National Grid were aiming to procure 200 MW of very fast response services. Although “technology neutral”, the tender was presented as an opportunity for battery storage providers and as expected, storage, and specifically batteries, dominated. All but three of the 64 assets underlying the 223 bids from 37 providers were battery units. Perhaps less expected were the prices of the winning bids: some as low as £7/MWh and averaging £9.44/MWh. The weighted price of all bids was £20.20/MWh.

This highly competitive tender gave the UK energy storage market a £65 million boost. The pattern of bids suggested that alongside renewables developers and aggregators, some existing utilities are keen to establish themselves in the storage market, and are prepared to leverage their lower cost of capital and accept a low price in order to establish a first mover advantage.

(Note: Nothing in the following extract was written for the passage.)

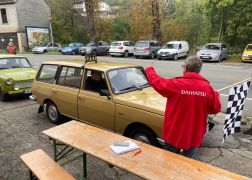 Trabant Rallye In Stadtroda 16102021 000042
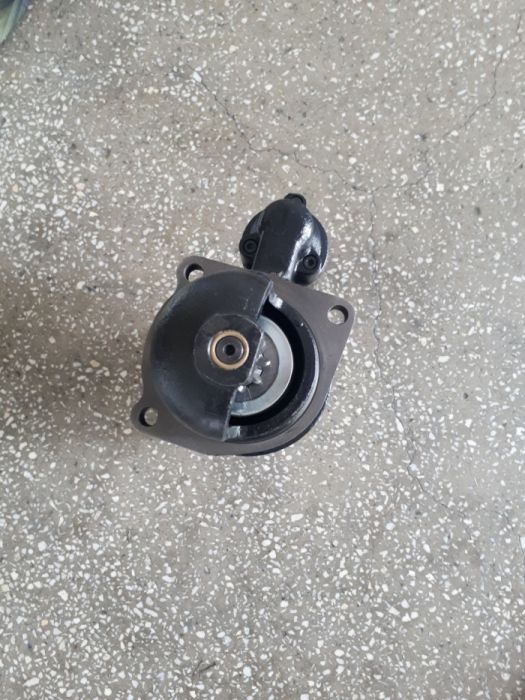 Electromotor VM motori Palmieri 24 volti 9 dinti model bosch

Independent developers who regard storage as a key future market might also have been bullish in their calculations of long-term income while accepting lower revenues in the near term to compete in a crowded arena. For all bidders, one of the key attractions was the EFR contract’s four-year term, which makes a better fit with their expectations of how long it will take to recoup their initial investment than the shorter duration of most of National Grid’s other contracts for balancing / ancillary services.

Aspiring battery storage providers also responded enthusiastically to the regular four year ahead (T-4) Capacity Market (CM) auction when it took place for the third time in December 2016. To judge from the Register for the T-4 2016 auction, some 120 battery projects, with over 2 GW of capacity between them, were put forward for prequalification in this auction. (This assumes that all the new build capacity market units (CMUs) described as made up of “storage units” and not obviously forming part of pumped hydro facilities were battery-based.) Although almost two-thirds of these proposed CMUs are described on the relevant CM register as either “not prequalified” or “rejected”, of the remaining 33 battery projects, no fewer than 31 projects, representing over 500 MW of capacity between them, went on to win capacity agreements in the auction.

There are a number of points to be made in connection with these results.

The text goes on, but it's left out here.